■ Task statement ■
From the first line to the last, restate the material word for word, omitting pictures.

■ Information provided ■
§ §

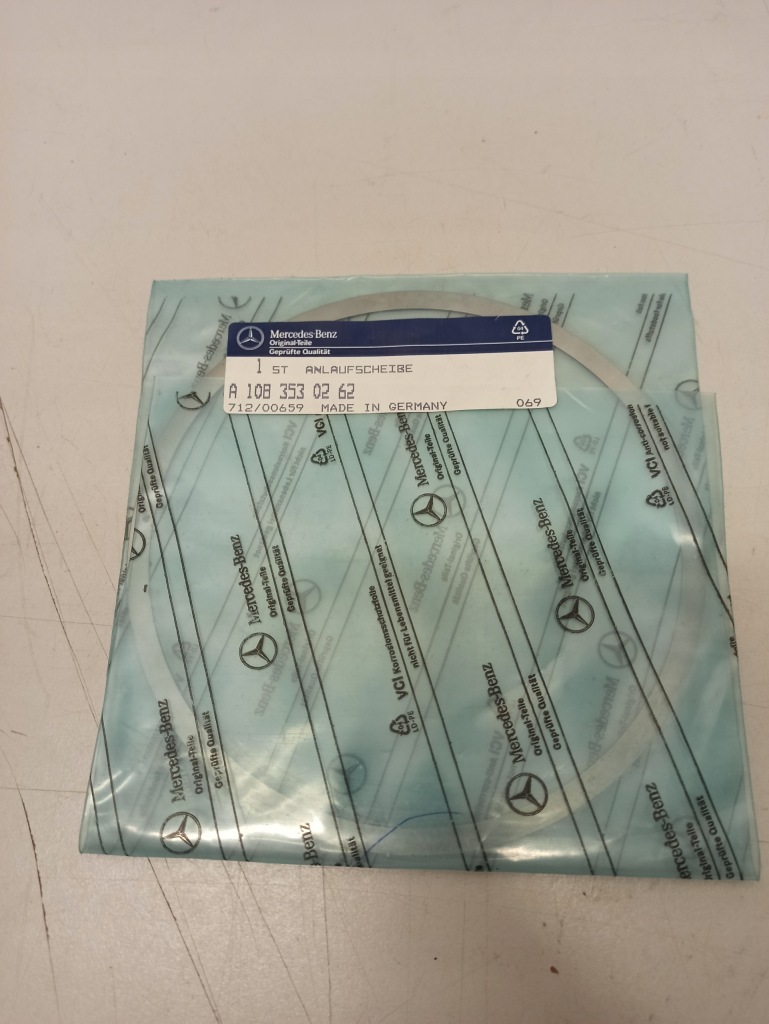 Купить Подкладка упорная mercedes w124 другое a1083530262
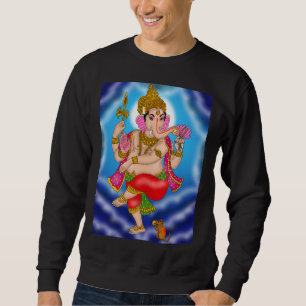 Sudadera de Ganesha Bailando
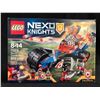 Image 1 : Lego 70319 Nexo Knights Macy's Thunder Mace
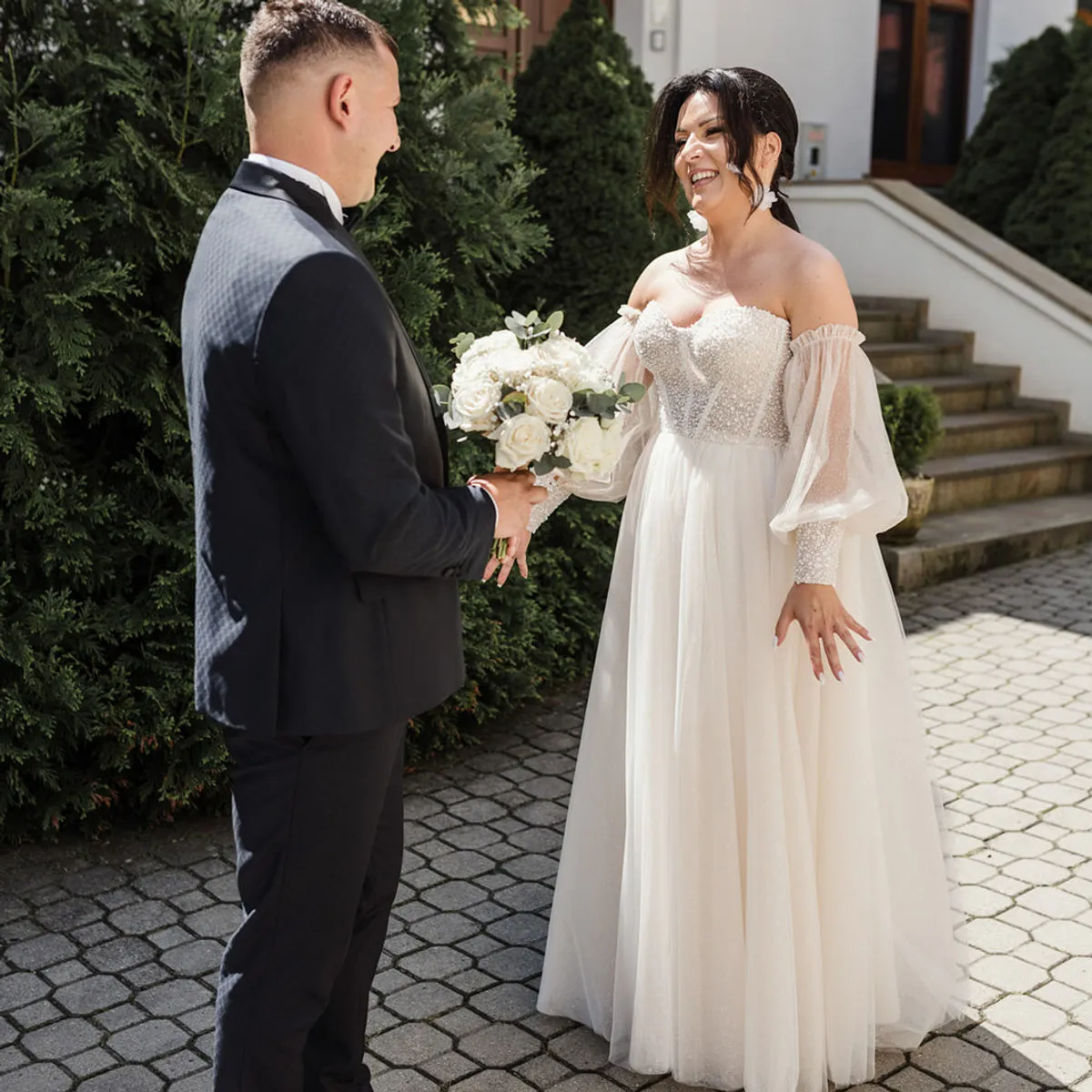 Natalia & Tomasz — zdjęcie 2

§ §

■ The completed task ■
 Купить Подкладка упорная mercedes w124 другое a1083530262
 Sudadera de Ganesha Bailando
 Image 1 : Lego 70319 Nexo Knights Macy's Thunder Mace
 Natalia & Tomasz — zdjęcie 2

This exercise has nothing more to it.